Salaam bro! It was just a matter of chance that i got to hear Abu Hamza for the first time on hard talk which is placed on youtube. I dont know this man, but he sounds good to me. Can u please tell me something about this person. I wud be pleased to hear from u!

ARGcomment: which Abu Hamza from where?

Rohima Begum

Dear Brother,

I would like to write about my experiences and let women in my position know that there is always hope in life and positivity after a marriage full of domestic violence.

I am 27 yrs young and have a son called Yasseen who is nearly six months now.

Right now I feel as though I could have never made more of an assertive decision than to have left my husband four months ago; having tolerated so much abuse that I had to break the pattern for my son's generation and I am greatful that I have left.

I feel much more happier as an individual now. I feel like I can breath and take in good air than air filled in an environment full of corruption.

I can sleep and wake up in the mornings and not have to cope with alcoholic breath and I can educate myself without the worry of avoiding arguments because I was not allowed to expand my mind.

I can now go on doing my Masters degree and laugh that he is not near to control it.

After suffering so many punches and kicks and crying non stop during my first pregnancy, some women will give up hope that they cannot trust any one again or never get married again becausse of the way violence shhatters women's existence but not I.

No one controls my existence, my mind or my spirituality unless it is the Qadar of Allah (SWT).

Why should I stop living life and allow my ex husband to think that he has won over the sense of my being and indivduality?

I still want to stand firm on ground, back straight, shoulders up, chin up and smile and pretend that nothing has ever happened because in reality it is not my loss.

I have been the best wife I can be in such extreme circumstances and I don't even feel like looking back.

I have gained and have been given by Allah (SWT) a miracle in my life - my son and I shall never be ungreatful for that, Insha'Allah.

Do I wish to get married again? Yes. I still want my rights as a Muslimah and I believe in myself that I will find happiness for us both because what happened in my life has made me stronger and no one can ever treat me as a walk over.

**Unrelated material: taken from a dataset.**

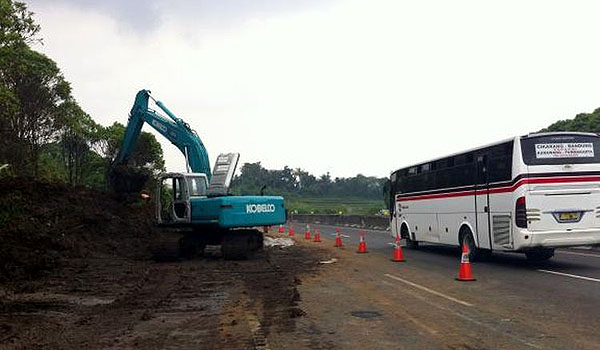 pengendara-menuju-jakarta-diimbau-hindari-tol-cipularang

I now have been given a chance so I am going to make the most of it in my life and finish my education and become self employed before I get married again insha'Allah.

If there are sisters out there who are suffering in silence then all I have to say is respect Allah (SWT) and one of the ways to do this is to have respect for your own mind and body as well as your emotions. A slap can lead to being shot in the streets and that's fact.

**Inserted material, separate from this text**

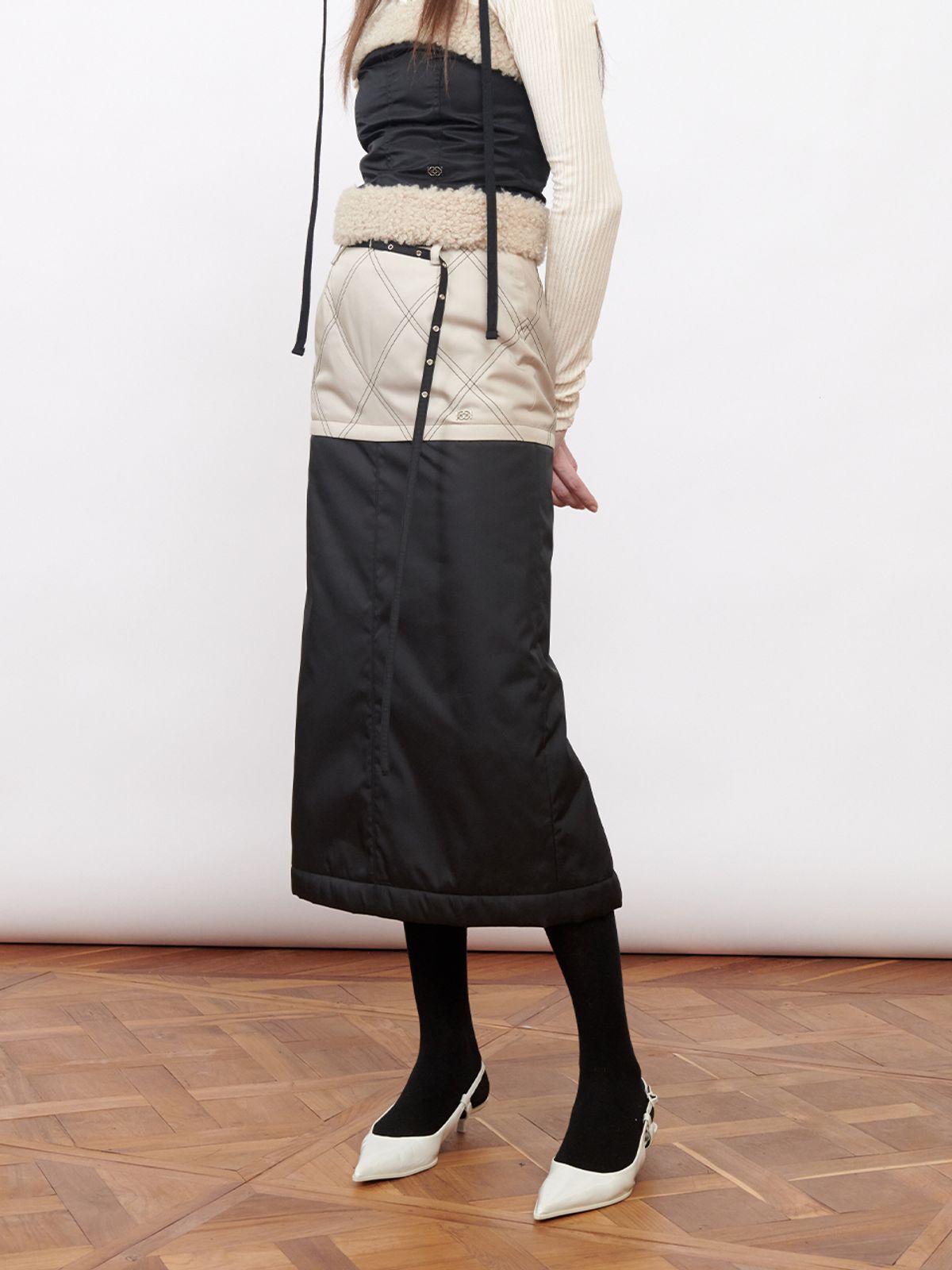 기준(KIJUN) Quilted Midi Skirt Beige Black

Love yourself because this is the only life you have a go at and if you want to make a difference to society and future generations to come then love yourself first and that will give you the energy to grow to say no to sufferings.

I am also writin to you as I want your opinion on one of the contraversial topics namely sural An - NIsa, 34.

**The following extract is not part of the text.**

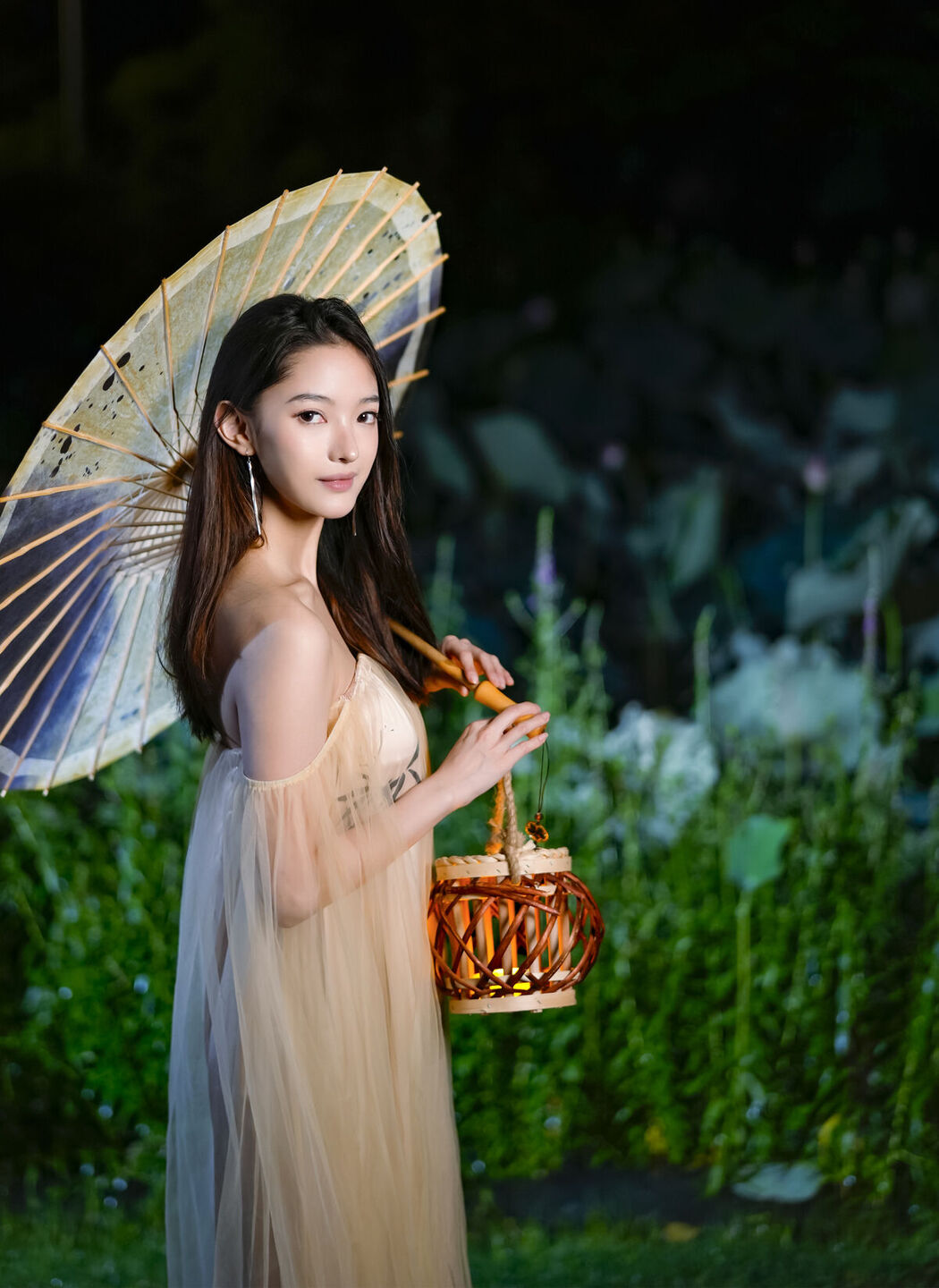 YiTuYu艺图语 Vol.7412 Yu Yan Jia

What would your advice be to those men who abuse women and what advice would you give to women in such positions.

In my opinion, there are not enough talks on domestic violence and I feel that it is a serious issue to discuss in conferences.

Aa many might not be aware domestic violence is not just about the physical abuse but the mental torture and financial control one is out through too. It is also about abusers isolating their partners from family and friends and controlling that individual.

My dear brothe, I pray and hope that you will publicise this post and advice according to this issue and educate those that use the Qur'an as an excuse for their immoral and unethical actions.

Ma Salamah,

Rohima (East LOndon)

ARGcomment: Well done sister. No one has to put up with such evil, or should. Make a stand! Even better put such men where they belong..in prison. As for what Allah has allowed under extreme circumstances that is explained clearly by the Prophet and limited in degree and circumstance. Any man who over steps the mark should be dealt with bythe law, which in a Shariah state is he is beaten as his wife was by him!